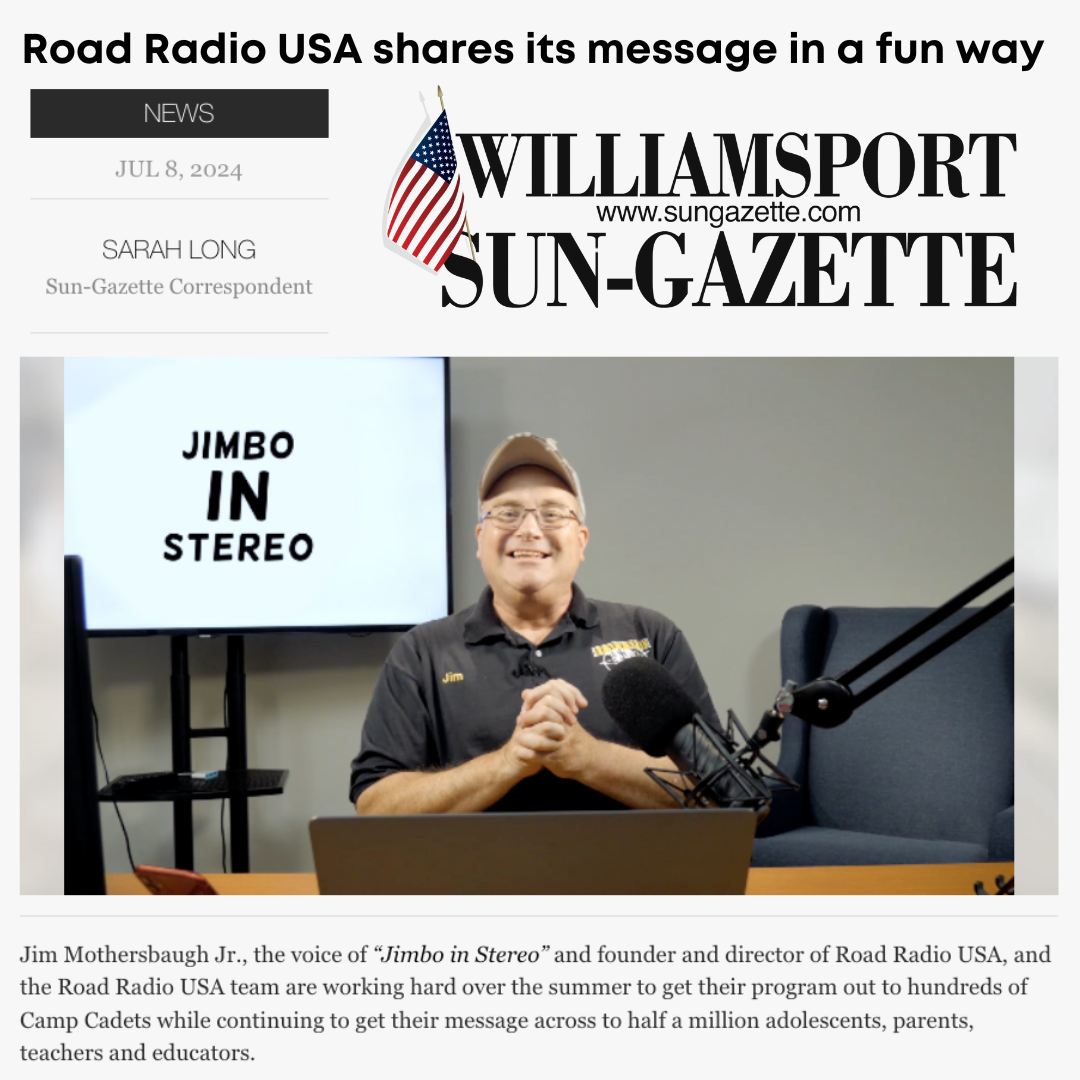A newspaper clipping from the Williamsport Sun Gazette featuring Road Radio USA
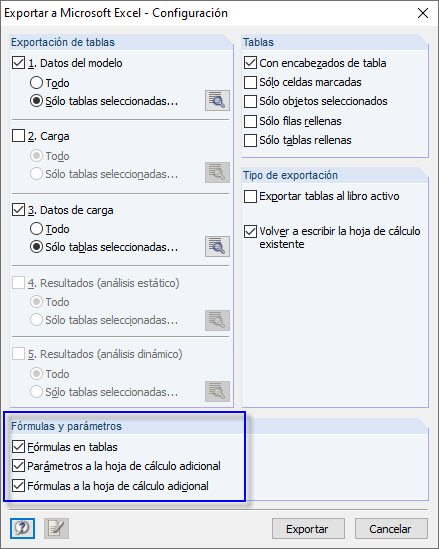 Exportar tabla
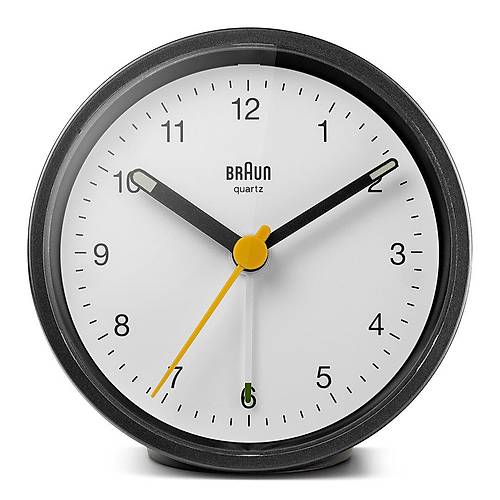 BRAUN BC12BW SYAH-BEYAZ KLASK ANALOG ALARMLI MASA SAAT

## EXERCISE:
Transcribe the data completely. No pictures should appear in the transcription.

## REPLY:
A newspaper clipping from the Williamsport Sun Gazette featuring Road Radio USA
 Exportar tabla
 BRAUN BC12BW SYAH-BEYAZ KLASK ANALOG ALARMLI MASA SAAT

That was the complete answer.